Per la prima volta nella storia inglese la giovane classe operaia si fece sentire e disse “Noi siamo qui, questa è la nostra società e non ce ne andremo”.
Erano gli anni Sessanta a Londra, dove vi furono l’esplosione della cultura pop, la diffusione della minigonna, lo sviluppo di una certa fame creativa e lo scoppio della Beatlemania.
È ciò che il documentarista David Batty racconta in My generation, visto nelle sale cinematografiche italiane nel Gennaio 2018 e che, introdotto dall’omonima hit degli Who e diviso in atti, vede in qualità di narratore l’attore premio Oscar Michael Caine, all’anagrafe Maurice Joseph Micklewhite.

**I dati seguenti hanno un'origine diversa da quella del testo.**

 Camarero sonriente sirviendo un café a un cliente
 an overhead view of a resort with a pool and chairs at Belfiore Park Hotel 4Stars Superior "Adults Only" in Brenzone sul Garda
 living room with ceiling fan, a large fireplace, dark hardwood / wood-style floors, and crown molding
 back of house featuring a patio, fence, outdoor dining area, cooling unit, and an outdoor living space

Un Caine che, figlio di una madre domestica e di un padre che lavorava al mercato del pesce, oltre a rivelarci come sia nato il suo pseudonimo non manca di ripercorrere il periodo in cui interpretò Alfie di Lewis Gilbert e di commentare la propria unica esperienza con la marijuana.
Come pure, tra dichiarazioni audio dei Beatles e di Roger Daltrey, frontman dei già citati Who, vengono allo scoperto le esperienze con le droghe provate sia da questi ultimi che da Paul McCartney.

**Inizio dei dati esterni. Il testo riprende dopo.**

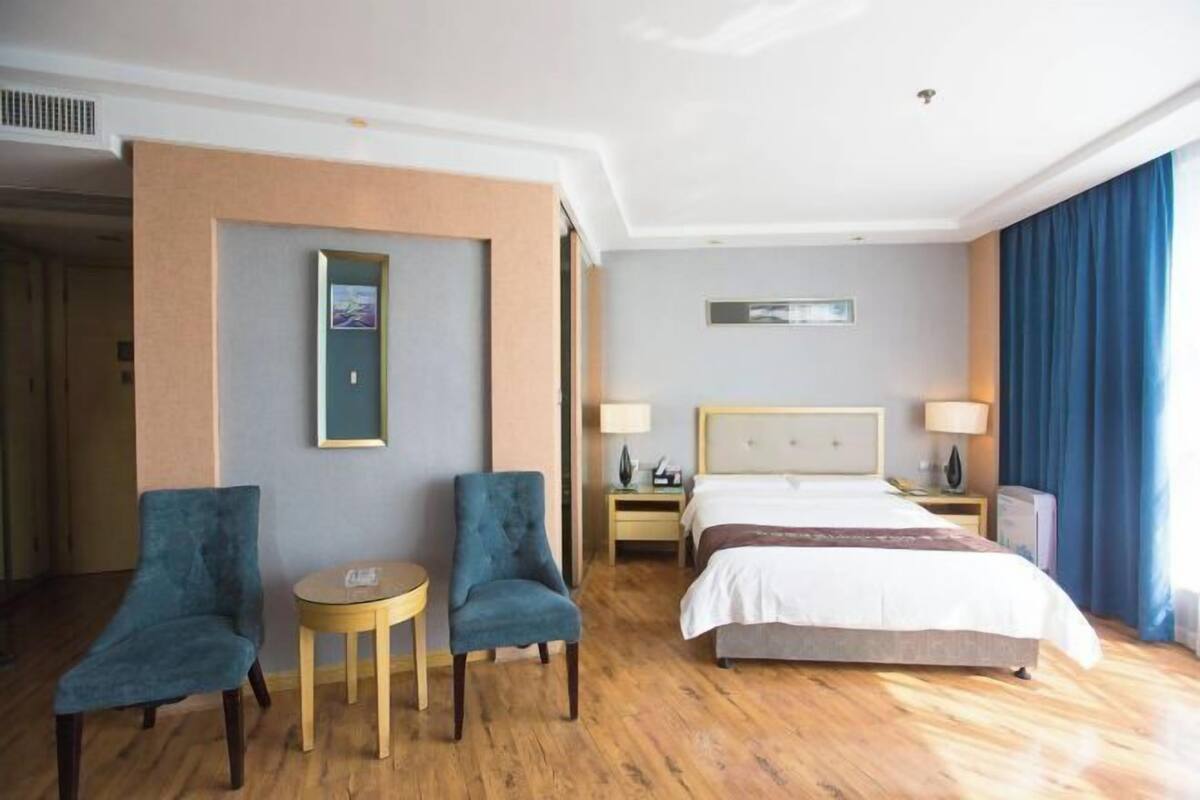 Ein Hotelzimmer mit einem Bett, zwei Stühlen, einem kleinen Tisch und einem Nachttisch.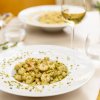 Piatto di gnocchi con gamberi e pistacchi, bicchiere di vino bianco accanto.
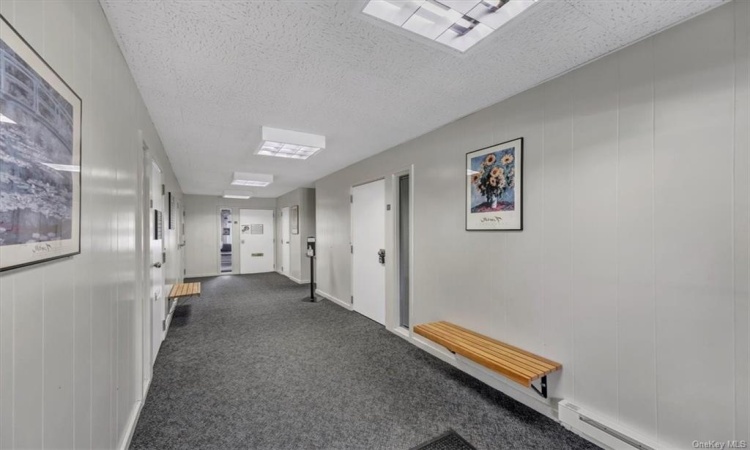 Clean and neat common hallway with sitting benches.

E, se, tra immagini del chitarrista Pete Townshend, di Mick Jagger e di David Bowie, Daltrey ricorda anche di quando, insieme agli altri elementi della sua band, si costruirono da soli le prime chitarre, non bisogna dimenticare che I wanna be your man venne data ai Rolling stones dai Beatles.
I Beatles di cui, tra l’altro, ascoltiamo Strawberry fields forever all’interno della ricchissima colonna sonora di questa oltre ora e venti di assemblaggio di immagini di repertorio e interviste, in mezzo a ribellione dei capelli lunghi e barriere culturali crollate per lasciar comparire una generazione completamente nuova.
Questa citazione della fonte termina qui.